No primeiro interrogatório de David Boio, o tema inicial começou por ser o processo-crime envolvendo o activista social e músico Gangsta, mas, a meio do percurso, as atenções ficaram centralizadas na Camunda News e nas questões de natureza jurídico-legais relacionadas com o facto de o canal digital “não estar licenciado para produzir e emitir o tipo de conteúdo que emite”. De acordo com o que apurou o !STO É NOTÍCIA em Outubro do ano passado, o investigador em serviço dizia entender que a Camunda News estava a actuar à margem da lei por não ser detentora de uma licença que a habilitava a actuar como uma televisão digital, de facto e de jure.
A Lei de Imprensa angolana é omissa em relação às TV digitais, havendo, nesse sentido, um vazio legislativo que o governo tenta agora, com o novo pacote legislativo da comunicação social, em discussão no Parlamento, colmatar.
O inquérito começou tendo como foco o activista social Gangsta e, a meio, a Camunda News voltou a ser o assunto central e não mais o activista social Nelson Dembo, arguido no processo-crime. De acordo com que apurou este portal, o SIC voltou a ‘implicar-se’ com o facto de a Camunda News estar a emitir numa plataforma sem que seja “sanada” a situação do licenciamento para o serviço de televisão digital, devidamente autorizado pelo ministério de tutela, no caso, o Ministério das Telecomunicações, Tecnologias de Informação e Comunicação Social, porém, “sem uma base legal”.

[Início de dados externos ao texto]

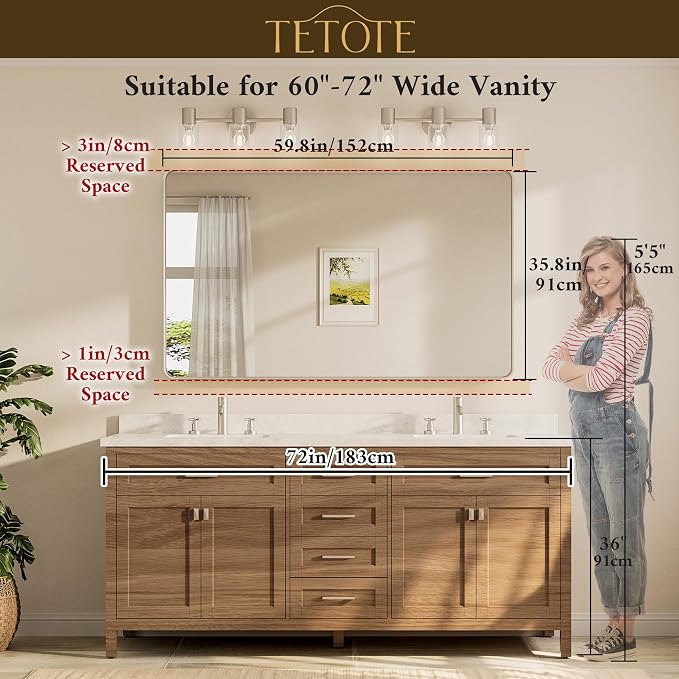 TETOTE 60 x 36 Inch Mirrors for Bathroom, Brushed Brass Gold Vanity Mirror - Image 8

Contactado por este portal, David Boio foi bastante evasivo nas explicações, limitando-se a dizer que preferiu, “em função de uma série de situações”, interromper a produção de novos conteúdos e, por conseguinte, a emissão da TV digital na plataforma YouTube.
Ante a insistência sobre se teria sofrido algum tipo de pressão política por parte do SIC para a tomada de uma decisão tão radical quanto a que foi tomada na última quarta-feira de suspender a produção e a emissão de conteúdos informativos e políticos, como foi o caso do programa ‘Angola Alerta’ e do ‘Síntese de Notícias’ o proprietário da Camunda News acabou por não ajudar a ‘desfazer o novelo’, afirmando simplesmente que “no nosso país as coisas são muito complicadas”.
Entretanto, informações que chegaram à redacção do !STO É NOTÍCIA davam conta, já na quinta-feira, 9, de uma alegada ‘pressão política’ para que a Camunda News retirasse do ar todo o conteúdo de natureza informativa e de cariz político. Informação que David Boio, durante a abordagem, não contestou de todo, nem tampouco desmentiu de forma categórica, ficando-se por “meias respostas”.
A ‘gota de água’ teria transbordado na semana passada, quando no programa ‘Angola Alerta’, apresentado por Guilherme da Paixão, foi objecto de análise e comentários do jornalista a adjudicação directa, via despacho presidencial, de um contrato para aquisição de scanners para a Administração Geral Tributária (AGT) a um consórcio de empresas que de acordo com pesquisas realizadas pelo Novo Jornal tem como sócios o actual director-adjunto do cerimonial da Presidência, o filho de um ex-governador de Malanje e um antigo director do Serviço de Inteligência (Jorge Francisco Silveira, Eduardo Lucamba Fernandes e Mateus Vilembo, respectivamente).
Os outros assuntos, “que muito teriam incomodado o regime angolano” a designação ‘regime angolano’ pronunciada pela fonte deste portal foram a atribuição de viaturas topo de gama, na ordem dos 200 mil dólares norte-americanos aos membros do Conselho Económico e Social, e também os resultados pouco apelativos e fecundos, segundo análise do apresentador do ‘Angola Alerta’ da cooperação angolana com os vários Estados, desde 1975 até aos dias de hoje.
Questionado como ficariam os postos de trabalho, agora que decidiu colocar no limbo o projecto audiovisual e editorial, David Boio assegurou que ninguém foi ainda demitido, mas que, em relação à canal de TV digital, teria de “analisar, primeiro, o contexto, a envolvente, e outras coisas”. Enquanto isso, a emissão da Camunda News TV fica suspenso por um período indeterminado.